What's different from Fea2Fea-single is that predicted objective should be set in advance in the parameter list which should be passed to the command line. For example: run

   python aug_Citation.py --dataset=Cora --aim_feature = 2 ## prediction on Cora dataset and predict clustering coefficient
   python aug_TU.py --dataset=ENZYMES --aim_feature = 4 ## prediction on ENZYMES dataset and predict average path length (shortest)

The predicted objective will be filtered by function all_possible_concatenation firstly, generating the all possible concatenation group in the array ans. After that, it will go through graph neural network models to reach prediction accuracy for each element in the array and record average acc. The error bar-plot will be shown on the screen (for each dimension).

4. Real-world applications (important)

After analyzing the potential irredundant feature groups, we are going to concatenate them with initial graph features to make node or graph classifications. run:

   python citation_realworld.py --dataset=Cora --graphconv=GIN --o.concat_method=SimpleConcat
   ## prediction on Cora dataset, using GIN model in embedding layer and just simple concatenate each augmented structural feature.

Finally, you will reach acc for simple/bilinear/NTN + number of input features. This is a small trick where we only randomly choose from the array. You can choose the best one among all results. You can add your choice in the file, set the ans[0] to what you'd want the input feature idxes be.

5. Hyper-parameter tests

In this part, we introduce the hyper-parameter tests.

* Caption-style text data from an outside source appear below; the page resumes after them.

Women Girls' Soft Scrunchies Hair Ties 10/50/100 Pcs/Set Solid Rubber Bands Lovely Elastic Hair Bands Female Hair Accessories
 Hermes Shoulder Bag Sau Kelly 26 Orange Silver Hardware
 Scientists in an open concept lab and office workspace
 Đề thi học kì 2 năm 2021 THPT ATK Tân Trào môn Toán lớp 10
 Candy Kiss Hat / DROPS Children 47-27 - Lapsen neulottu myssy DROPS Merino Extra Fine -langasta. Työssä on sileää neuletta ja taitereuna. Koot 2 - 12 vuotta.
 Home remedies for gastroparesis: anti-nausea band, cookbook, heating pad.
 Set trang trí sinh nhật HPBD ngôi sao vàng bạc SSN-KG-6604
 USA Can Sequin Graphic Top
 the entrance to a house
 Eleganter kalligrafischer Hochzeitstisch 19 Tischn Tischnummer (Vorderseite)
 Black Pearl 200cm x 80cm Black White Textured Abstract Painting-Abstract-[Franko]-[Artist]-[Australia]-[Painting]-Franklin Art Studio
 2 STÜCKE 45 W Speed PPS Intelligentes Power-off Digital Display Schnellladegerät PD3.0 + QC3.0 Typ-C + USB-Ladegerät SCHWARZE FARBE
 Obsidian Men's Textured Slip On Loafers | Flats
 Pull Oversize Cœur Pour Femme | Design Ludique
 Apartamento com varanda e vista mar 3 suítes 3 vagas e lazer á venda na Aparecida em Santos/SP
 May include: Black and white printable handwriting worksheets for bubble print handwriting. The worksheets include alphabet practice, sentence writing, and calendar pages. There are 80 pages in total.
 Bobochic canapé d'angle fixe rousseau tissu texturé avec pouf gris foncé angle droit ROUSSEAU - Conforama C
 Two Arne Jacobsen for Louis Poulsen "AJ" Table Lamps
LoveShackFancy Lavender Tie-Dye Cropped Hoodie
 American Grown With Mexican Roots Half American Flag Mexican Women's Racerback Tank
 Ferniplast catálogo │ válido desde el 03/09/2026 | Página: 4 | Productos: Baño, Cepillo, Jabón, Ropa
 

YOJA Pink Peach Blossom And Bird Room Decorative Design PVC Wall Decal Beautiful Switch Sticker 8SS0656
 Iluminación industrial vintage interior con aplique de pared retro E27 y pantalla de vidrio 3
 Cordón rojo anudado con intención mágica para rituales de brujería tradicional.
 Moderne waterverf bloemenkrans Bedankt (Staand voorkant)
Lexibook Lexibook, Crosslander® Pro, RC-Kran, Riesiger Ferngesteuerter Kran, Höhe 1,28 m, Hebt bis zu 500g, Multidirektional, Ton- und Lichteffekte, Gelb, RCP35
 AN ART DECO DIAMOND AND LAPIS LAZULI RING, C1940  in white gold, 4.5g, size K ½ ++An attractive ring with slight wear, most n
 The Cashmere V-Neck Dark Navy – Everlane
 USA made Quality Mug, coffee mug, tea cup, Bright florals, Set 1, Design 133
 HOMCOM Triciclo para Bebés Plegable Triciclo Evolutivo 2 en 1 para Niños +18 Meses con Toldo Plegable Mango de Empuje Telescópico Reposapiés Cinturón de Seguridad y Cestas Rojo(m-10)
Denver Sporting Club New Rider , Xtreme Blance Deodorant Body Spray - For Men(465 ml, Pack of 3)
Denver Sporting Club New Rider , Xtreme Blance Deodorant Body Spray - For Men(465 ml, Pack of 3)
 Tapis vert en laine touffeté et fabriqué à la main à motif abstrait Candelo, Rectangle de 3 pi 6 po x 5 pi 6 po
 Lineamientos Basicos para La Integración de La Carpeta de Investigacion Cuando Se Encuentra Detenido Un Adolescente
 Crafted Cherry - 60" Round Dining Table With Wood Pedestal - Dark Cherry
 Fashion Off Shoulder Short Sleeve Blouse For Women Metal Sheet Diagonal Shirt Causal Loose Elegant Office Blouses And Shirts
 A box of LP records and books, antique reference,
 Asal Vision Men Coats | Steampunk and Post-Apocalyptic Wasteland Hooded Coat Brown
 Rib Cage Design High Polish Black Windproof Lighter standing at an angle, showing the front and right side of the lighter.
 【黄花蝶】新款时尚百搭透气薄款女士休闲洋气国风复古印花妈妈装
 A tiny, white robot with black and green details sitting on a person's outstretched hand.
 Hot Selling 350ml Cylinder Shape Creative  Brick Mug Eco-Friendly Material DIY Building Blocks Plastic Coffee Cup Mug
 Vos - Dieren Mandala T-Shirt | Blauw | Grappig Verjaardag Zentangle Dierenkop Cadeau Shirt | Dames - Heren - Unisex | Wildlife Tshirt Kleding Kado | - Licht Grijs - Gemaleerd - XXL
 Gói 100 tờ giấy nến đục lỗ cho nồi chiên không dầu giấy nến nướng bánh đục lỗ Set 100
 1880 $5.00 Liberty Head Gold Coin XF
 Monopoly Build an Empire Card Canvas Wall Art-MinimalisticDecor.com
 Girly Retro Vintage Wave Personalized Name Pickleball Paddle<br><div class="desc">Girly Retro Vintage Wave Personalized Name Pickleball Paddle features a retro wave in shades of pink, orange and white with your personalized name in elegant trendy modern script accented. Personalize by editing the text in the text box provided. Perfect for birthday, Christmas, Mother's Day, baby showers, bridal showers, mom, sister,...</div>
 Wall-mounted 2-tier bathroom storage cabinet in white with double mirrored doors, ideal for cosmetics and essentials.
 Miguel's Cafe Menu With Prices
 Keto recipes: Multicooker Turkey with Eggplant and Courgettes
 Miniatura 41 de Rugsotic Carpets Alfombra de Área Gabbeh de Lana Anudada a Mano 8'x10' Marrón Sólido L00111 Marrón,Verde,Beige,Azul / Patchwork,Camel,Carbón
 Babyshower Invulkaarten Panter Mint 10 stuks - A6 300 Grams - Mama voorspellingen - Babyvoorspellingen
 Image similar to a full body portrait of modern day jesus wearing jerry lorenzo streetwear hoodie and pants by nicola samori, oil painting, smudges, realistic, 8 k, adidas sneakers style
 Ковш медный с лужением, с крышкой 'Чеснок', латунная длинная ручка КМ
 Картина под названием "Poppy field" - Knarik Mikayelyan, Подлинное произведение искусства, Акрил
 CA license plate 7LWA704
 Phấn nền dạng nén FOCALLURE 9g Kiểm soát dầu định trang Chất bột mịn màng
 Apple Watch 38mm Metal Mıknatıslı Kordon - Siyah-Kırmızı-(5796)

    python hyper_param.py [option list]

Parameter list:

Parameters Type Default Value Description
input_feature int 0 input feature index
aim_feature int 1 output feature index
task str node node or graph dataset
dataset str Cora dataset name
hyperparameter str binning binning or depth or threshold tunning
min_bins int 2 minimum number of bins
max_bins int 6 maximum number of bins
min_depth int 2 minimum depth of GNN architecture
max_depth int 6 maximum depth of GNN architecture
hidden_dim int 2 hidden dimension
batchnorm bool 0 if BatchNorm
embedding str GIN graph embedding method
threshold float 0.8 threshold for filtering irredundant features

Results will be shown on the screen. By the way, you can only perform hyperparameter once, choosing from binning, depth or threshold.

visualization

input feature distribution

If you want to draw distribution to check whether the number of bins is reasonable, run

   python plot_dist.py # under src folder

jupyter notebook playground (for reference)

to compare concatenation methods: different_concat_method_node.ipynb

to explore different embeddings: explore_embedding.ipynb

Most importantly, in the future, we are going to add more features and more graph neural network models to ensure the model's robustness.

Citation

If you use to cite Fea2Fea in your research paper, please consider citing:

@misc{xie2021fea2fea,
      title={Fea2Fea: Exploring Structural Feature Correlations via Graph Neural Networks}, 
      author={Jiaqing Xie and Rex Ying},
      year={2021},
      eprint={2106.13061},
      archivePrefix={arXiv},
      primaryClass={cs.LG}
}

Currently its not been published by Springer, but will be in a few months.